What you copy should be the lines from the one with "Used 2024 Subaru" through the end of the entries, word for word. Omit the pictures.

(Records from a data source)
-- Opening Marker --
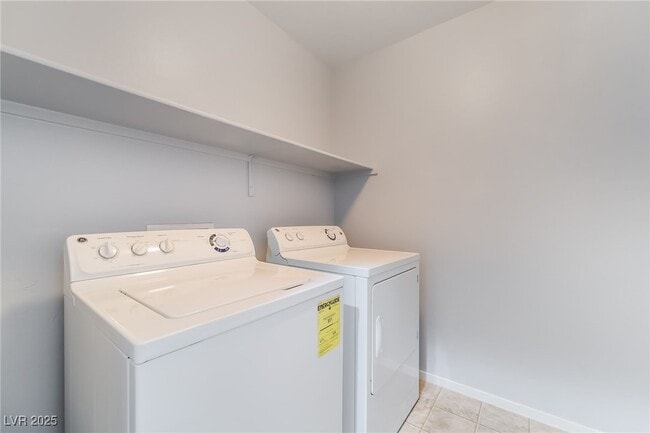 Building Photo - 7607 Peaceful Trellis Dr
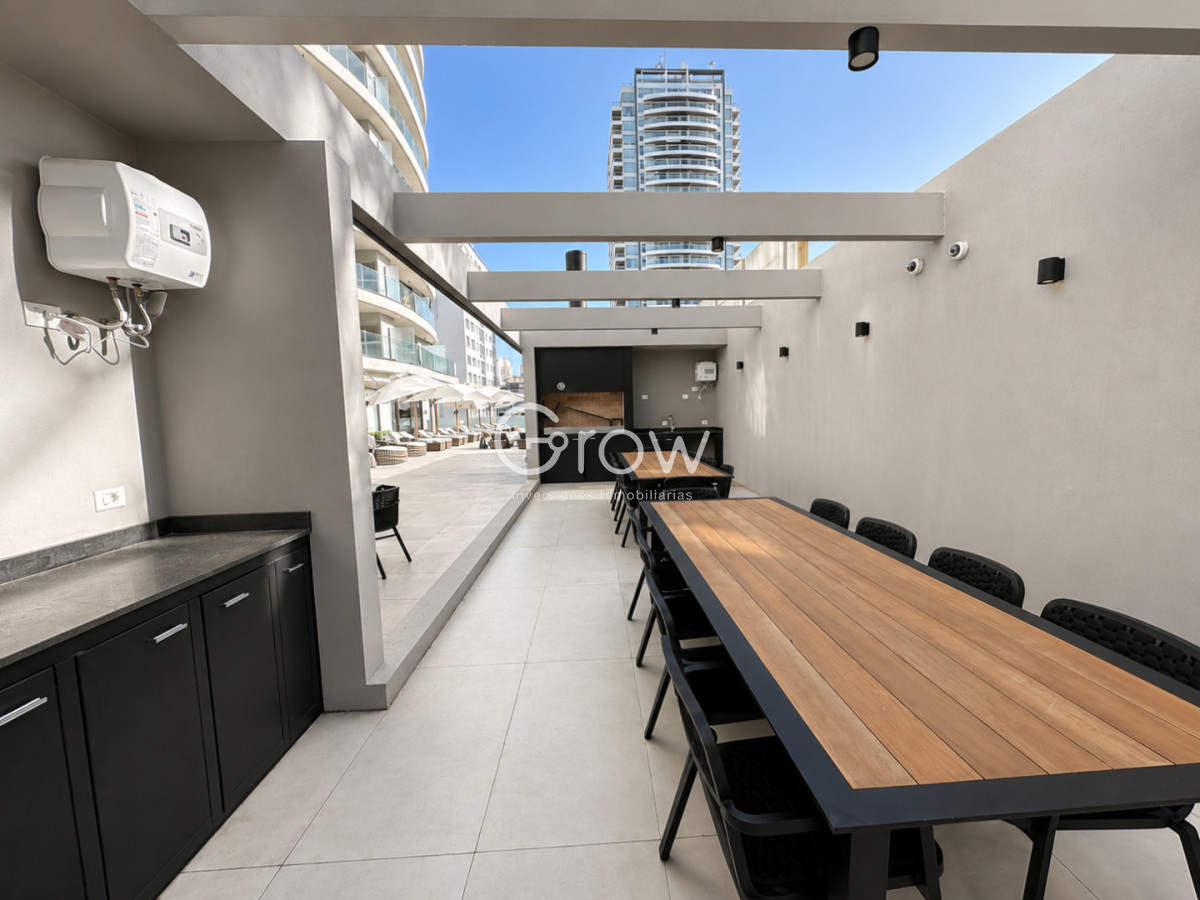 Apartamento ID.4010 - Apartamento en venta de 2 dormitorios en Playa Brava Punta del Este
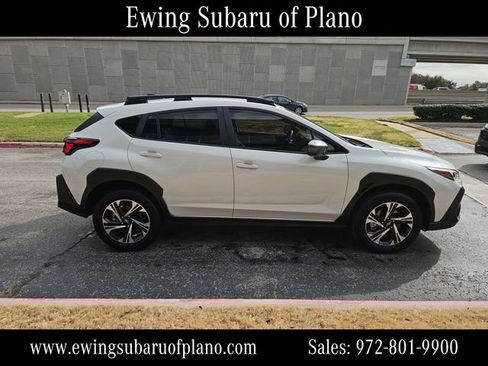 Used 2024 Subaru Crosstrek 2.0i Premium w/ Crosstrek Mirror Package image 6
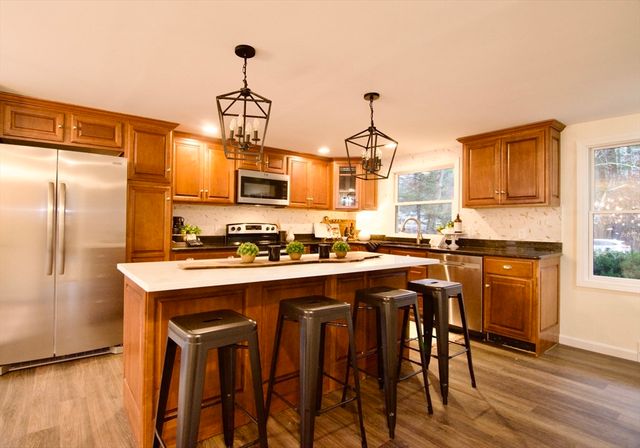 12 Rose Cir, Hampden, MA 01036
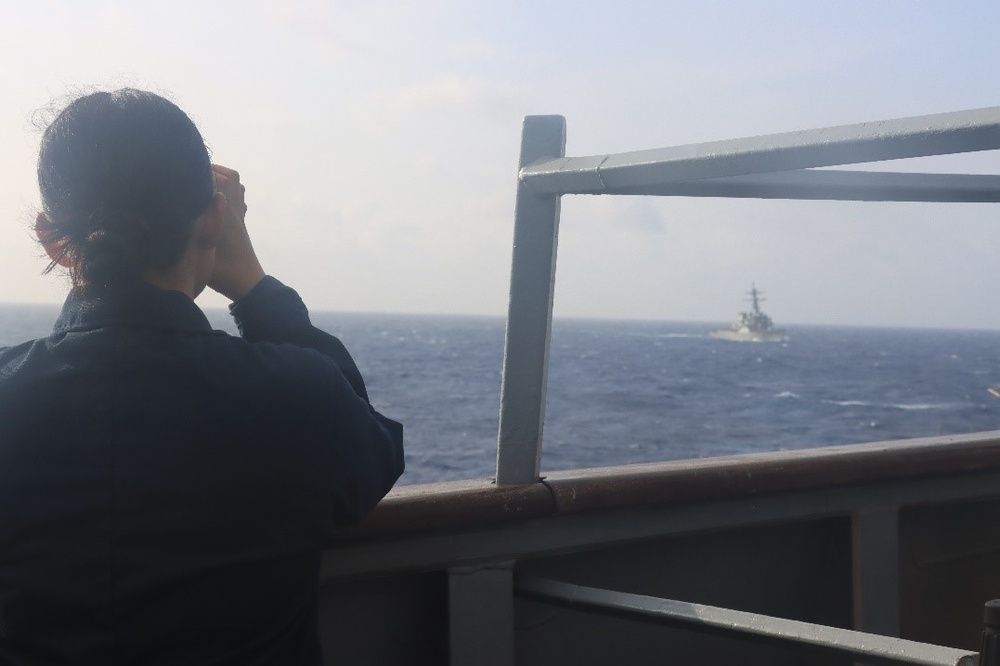 USS GONZALEZ (DDG 66) Conducts Surface Warfare Advanced Tactical Training (SWATT)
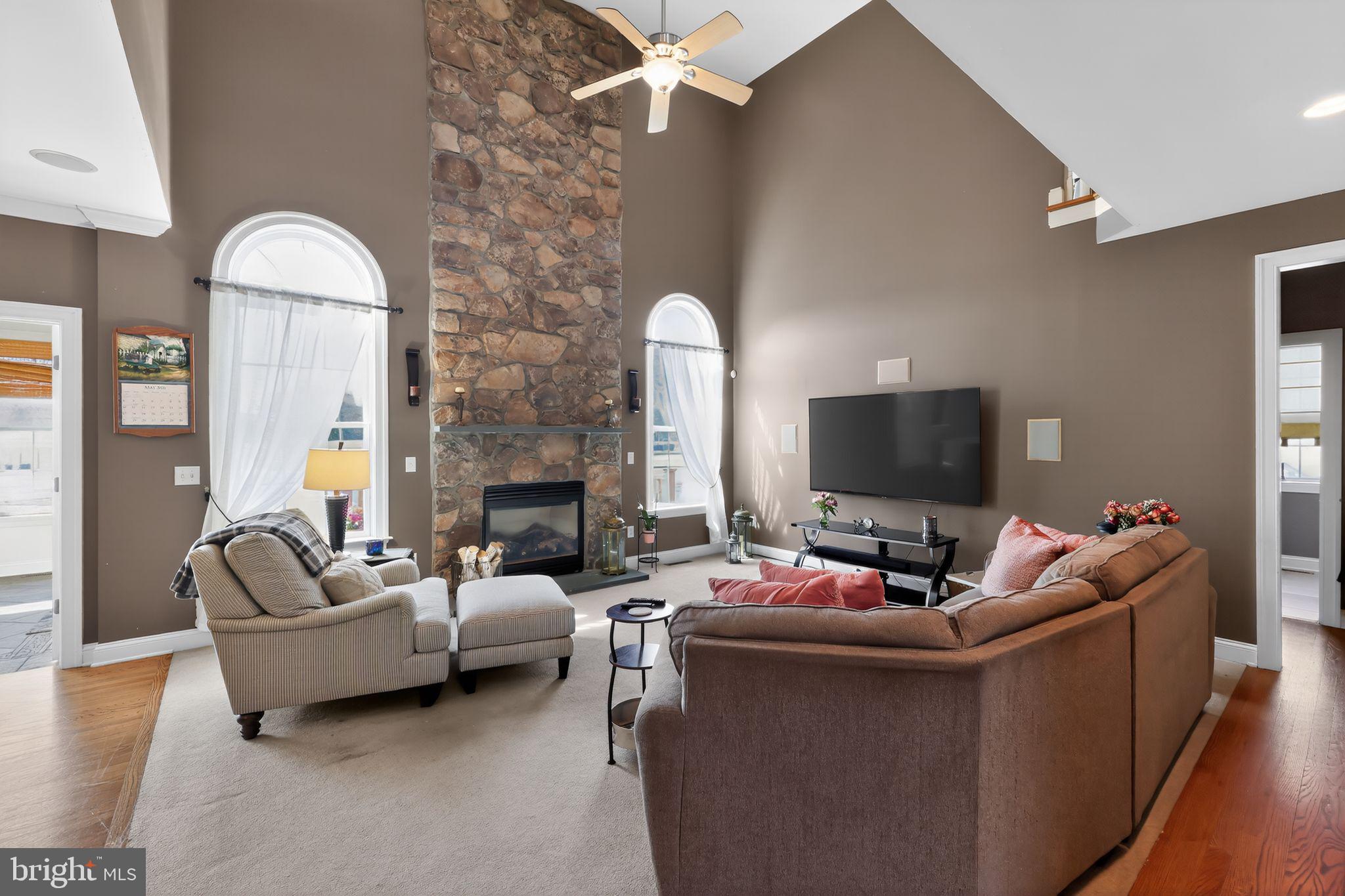 ROCKLAND HILLS - Residential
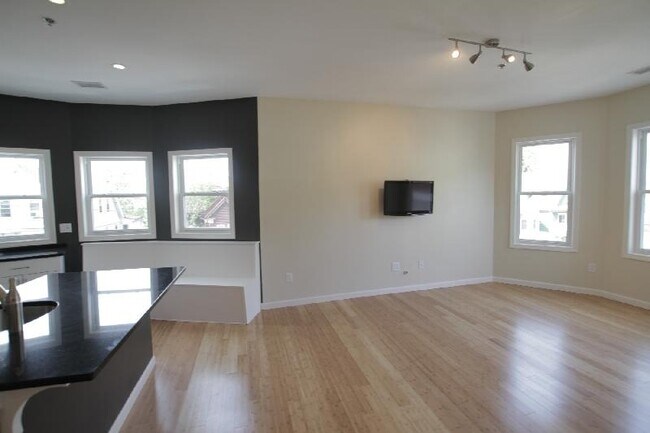 110 Chester St Unit 1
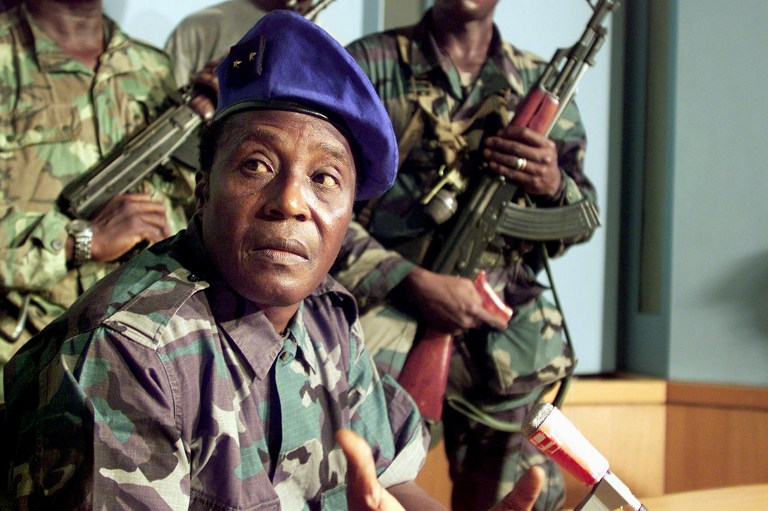 Vendredi 24 décembre 1999 : Coup d`Etat du général Robert Gueï - Abidjan.net Chronologie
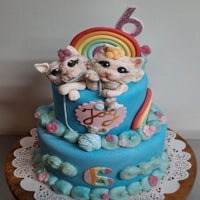2-poezen-regenboog-taart-standard.jpg
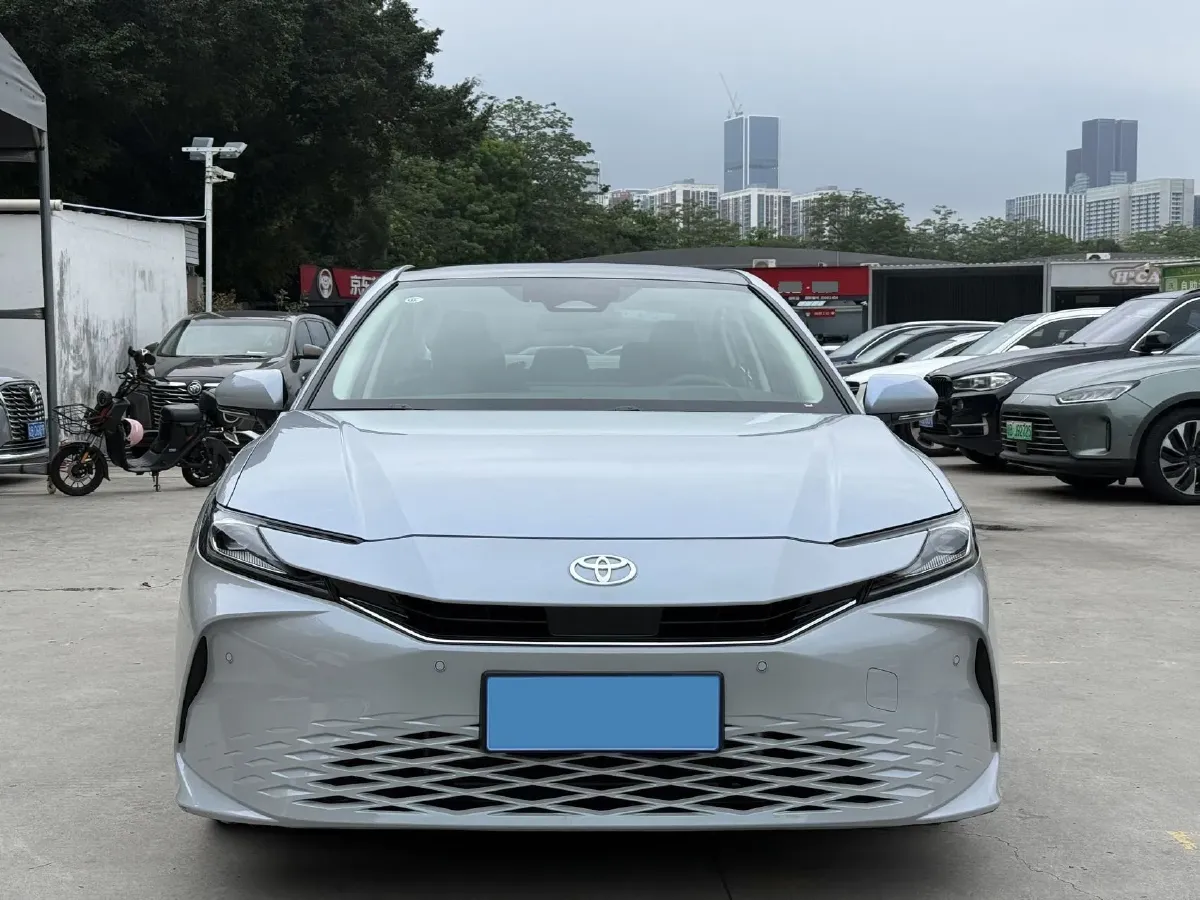 2024 Toyota Camry 2.0L 173HP L4 CVT,autocango,china used car exporter,china ev exporter,chinese used car exporter,chinese used ev exporter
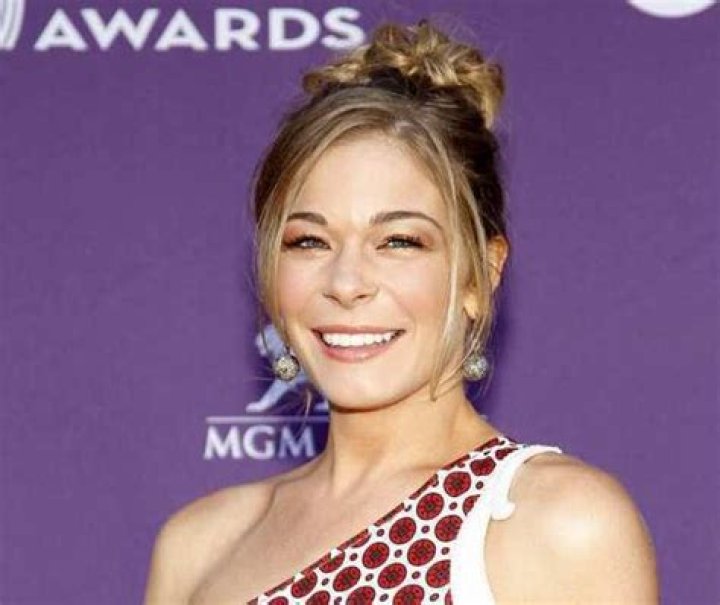 LeAnn Rimes Checks Into Rehab for Anxiety and Stress E! Online CA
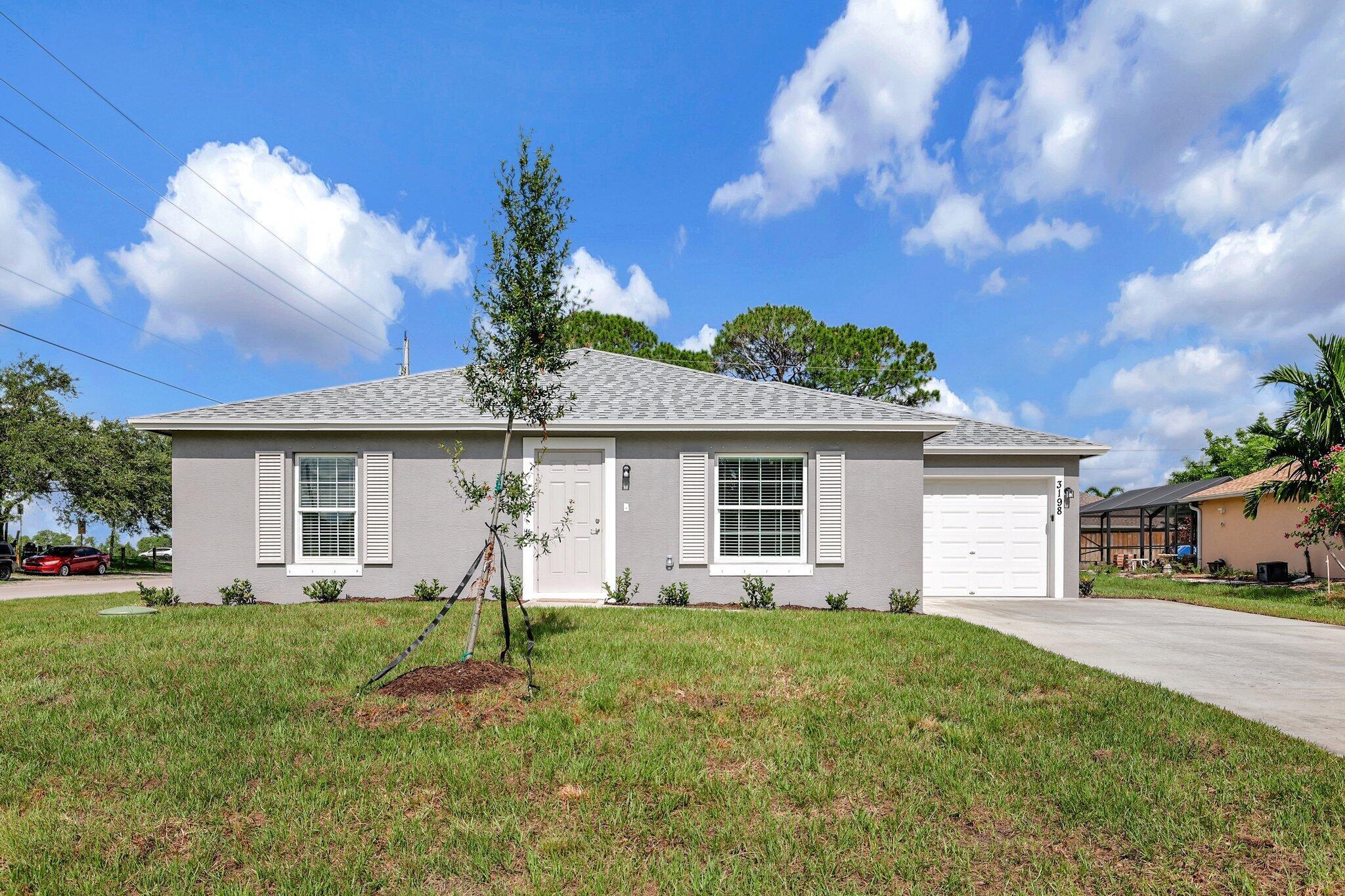 329 SW Ridgecrest Drive
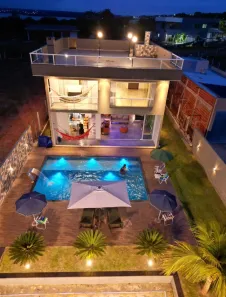 Casa de Condomínio com 5 Quartos à venda, 1000m² no Centro, Corumbá de Goiás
-- Closing Marker --
EXERCISE ANSWER
 Used 2024 Subaru Crosstrek 2.0i Premium w/ Crosstrek Mirror Package image 6
 12 Rose Cir, Hampden, MA 01036
 USS GONZALEZ (DDG 66) Conducts Surface Warfare Advanced Tactical Training (SWATT)
 ROCKLAND HILLS - Residential
 110 Chester St Unit 1
 Vendredi 24 décembre 1999 : Coup d`Etat du général Robert Gueï - Abidjan.net Chronologie
2-poezen-regenboog-taart-standard.jpg
 2024 Toyota Camry 2.0L 173HP L4 CVT,autocango,china used car exporter,china ev exporter,chinese used car exporter,chinese used ev exporter
 LeAnn Rimes Checks Into Rehab for Anxiety and Stress E! Online CA
 329 SW Ridgecrest Drive
 Casa de Condomínio com 5 Quartos à venda, 1000m² no Centro, Corumbá de Goiás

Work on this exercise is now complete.